Plot Exercise 1: Everything Changes

Exercise 1: Everything Changes

  • Write an inciting moment. This moment is an incident that changes your protagonist’s life – generally in a negative way. The antagonist is usually the cause of this. A great inciting moment is about change that leads to conflict, or conflict that leads to change. Something happens that is important enough for your protagonist to act or react. 

  • Choose one of these openings and start writing:
    • Everything changed when ________ came back to ____________.

    • All four of  ___________’s wives turned up for his funeral.

    • She had 24 hours before they locked down the city.

    • The note on her front door read: ‘You are going to die.’

    • The rumours started when _________ left. Nobody thought he’d gone willingly. 

    • This exercise will force you to start your story at a moment of crisis. If this moment is strong enough it will give your story the impetus it needs to become a novel. 

    • Name the characters.

    • Use the five senses, dialogue, body language, and the internal thoughts of the viewpoint character.

    • Show the setting through their interaction with it.

    • This exercise will show you that you need motivated characters for a novel to succeed.

While thinking of the inciting incident ask yourself the following questions. 

  • Who is the protagonist?

  • What is the situation? What is the hero’s personal condition at the beginning? How will that condition be changed, for better or worse, by the hero himself or by the antagonistic force?

  • What is the protagonist’s objective? At the beginning, what does the hero want? What moral (or immoral) choices will she have to make in her attempt to gain that objective?

  • Who is the opponent? Who or what stands in the way of the hero achieving his objective?

  • What will be the disaster? What misfortune will befall the hero as the result of her attempts to achieve her objective?

  • What’s the conflict? What conflict will result from the hero’s reaction to the disaster? And what is the logical flow of cause and effect that will allow this conflict to continue throughout the story?

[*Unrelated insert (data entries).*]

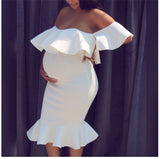 Ruffled Off Shoulder Maternity Dress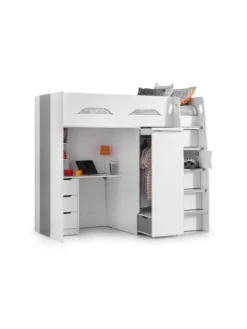 Julian Bowen Max High Sleeper Bed With Desk, Drawers, Pull Out Wardrobe And Hidden Cupboards - White -Rust-Oleum || d-c-fix || Harris Sales PPC6R SQ3 0000000013 WHITE SLd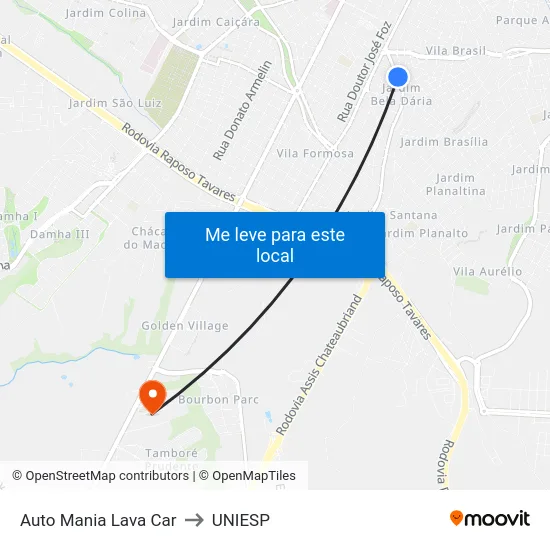 Auto Mania Lava Car to UNIESP map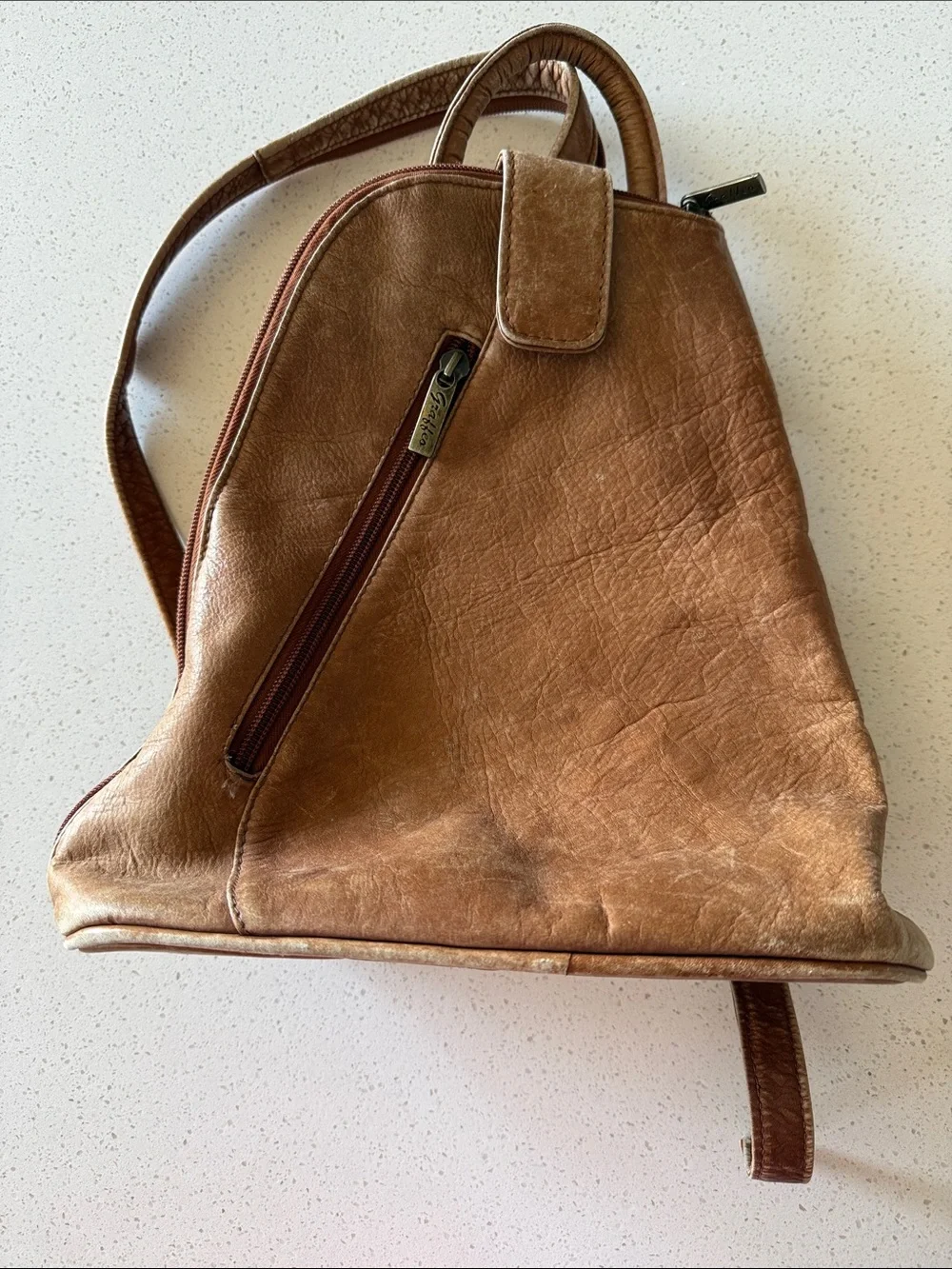 Graffio Brown Leather Triangular Crossbody Bag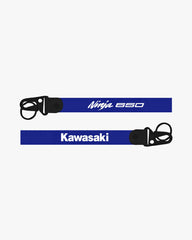 Two blue lanyards with 'Ninja 650' and 'Kawasaki' text on a white background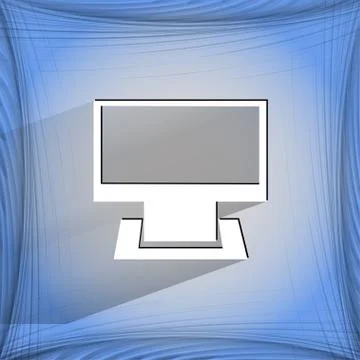 Computer. Flat modern web button on a flat geometric abstract background Stock Illustration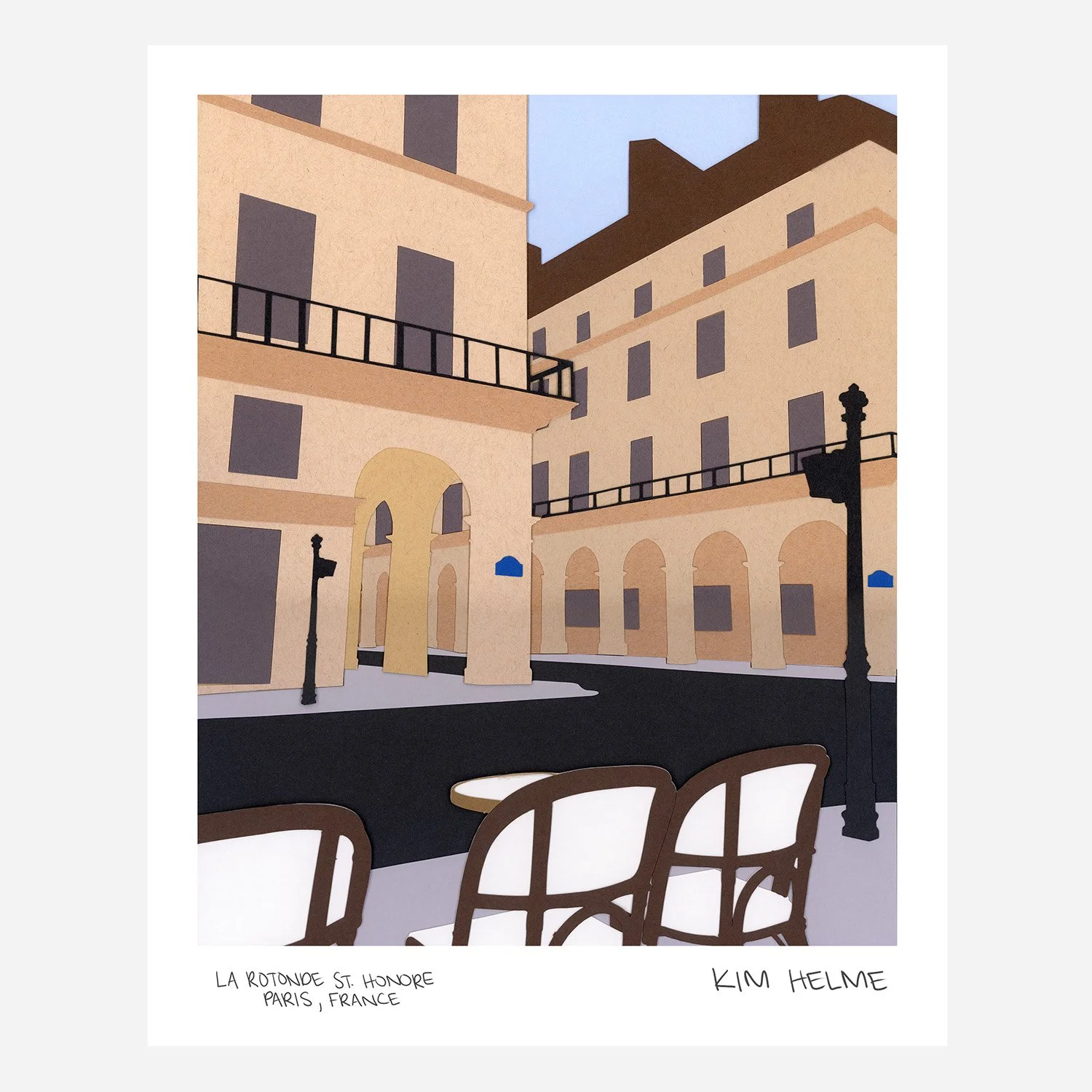 Paris France St Honore cafe paper-cut art print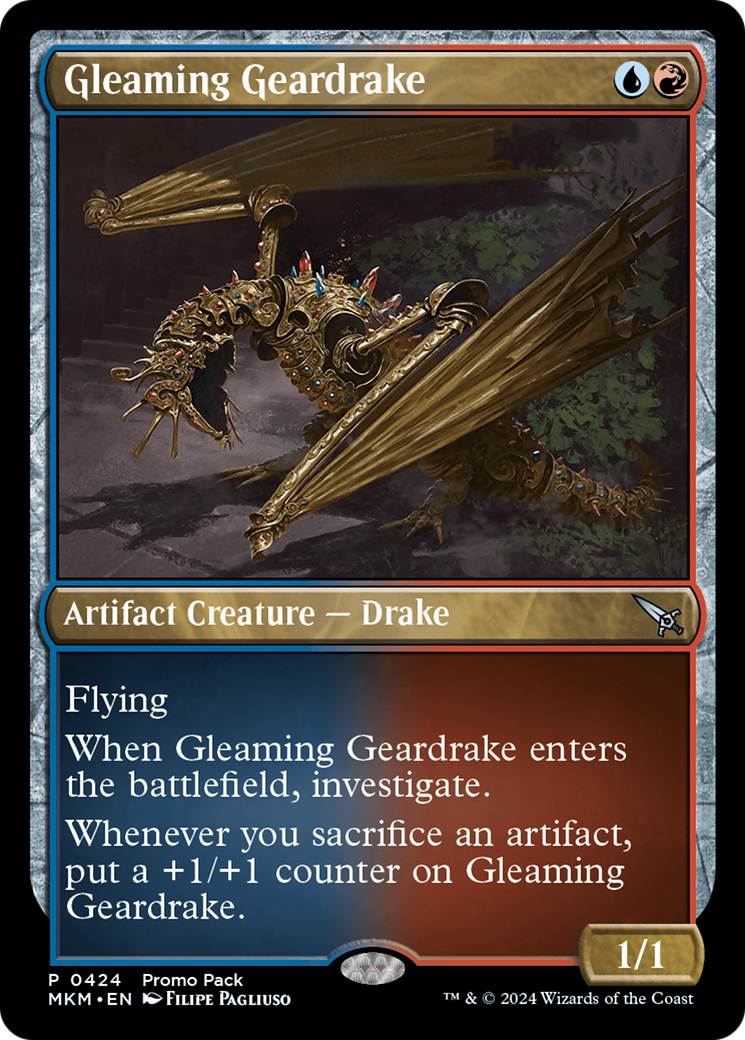 Gleaming Geardrake (PPMKM-424) - Murders at Karlov Manor Foil | Grognard Games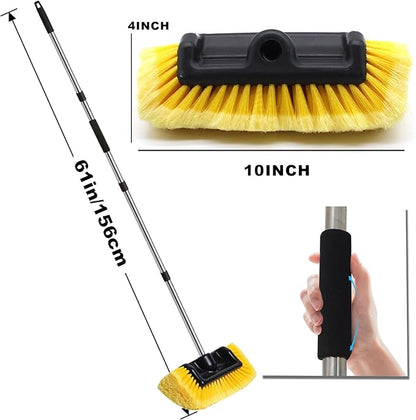Car Wash Brush with Long Handle – Five-Sided Soft Bristle Brush for Car, Truck, SUV, RV, Boat & House Siding Cleaning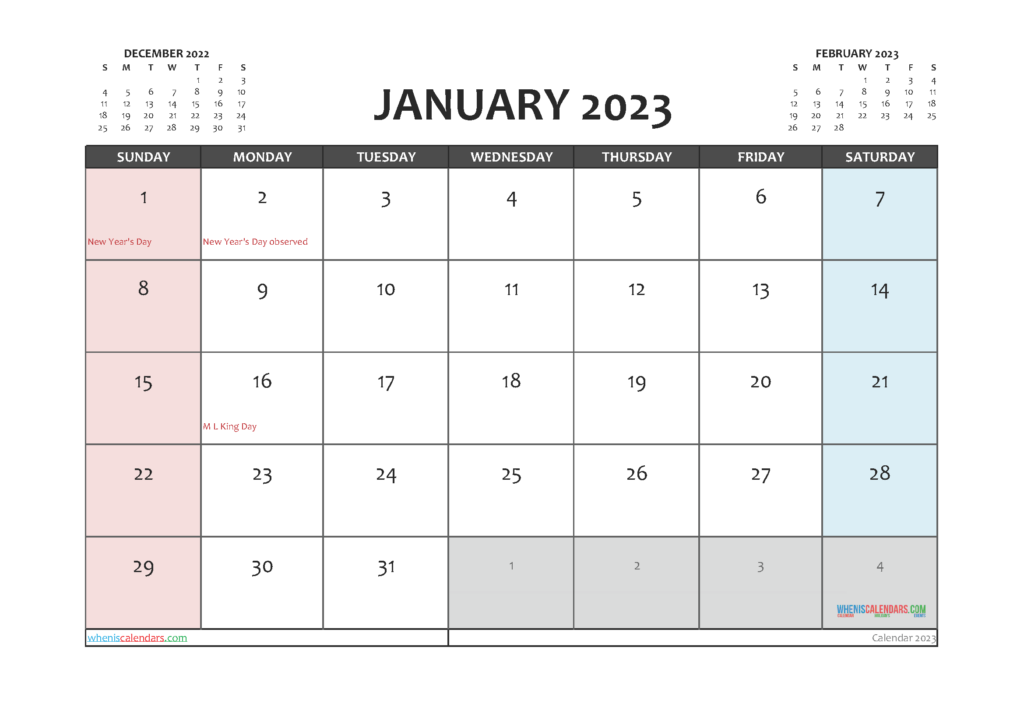 Printable January 2023 Calendar Free 12 Templates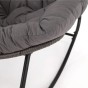 Ogrodowy fotel bujany technorattan Szary poduszki szary | OUTLET-12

Plot Exercise # 2: Created by Margaret Atwood

  • Ten events that might spark a story. They don’t have to be significant: these could be things that happened to you or someone you know or items you read about in the news.

  • Ten characters. These might be characters you’ve already worked with, people you’ve seen but never spoken to, or perhaps historical figures that fascinate you.

  • Ten stories “Legos”: folktales, fairy tales, myths, or maybe family stories that were passed down to you. No need to detail them; just list a few words that sum up the story. 

  • Now take one item from each list, one event, one character, and one existing story shell and begin a new story. What happens when you drop a character of your own invention into an ancient folktale? How does your personal event permit you to play with the foundational folktale? 

 

Plot Exercise 3: Construct a Timeline:

  • Design a linear timeline where you mark critical elements in your plot. Include your introduction, description of tension, the beginning of the journey, critical element (a skill learned), an introduction of a mentor or guide, the shift within the struggle.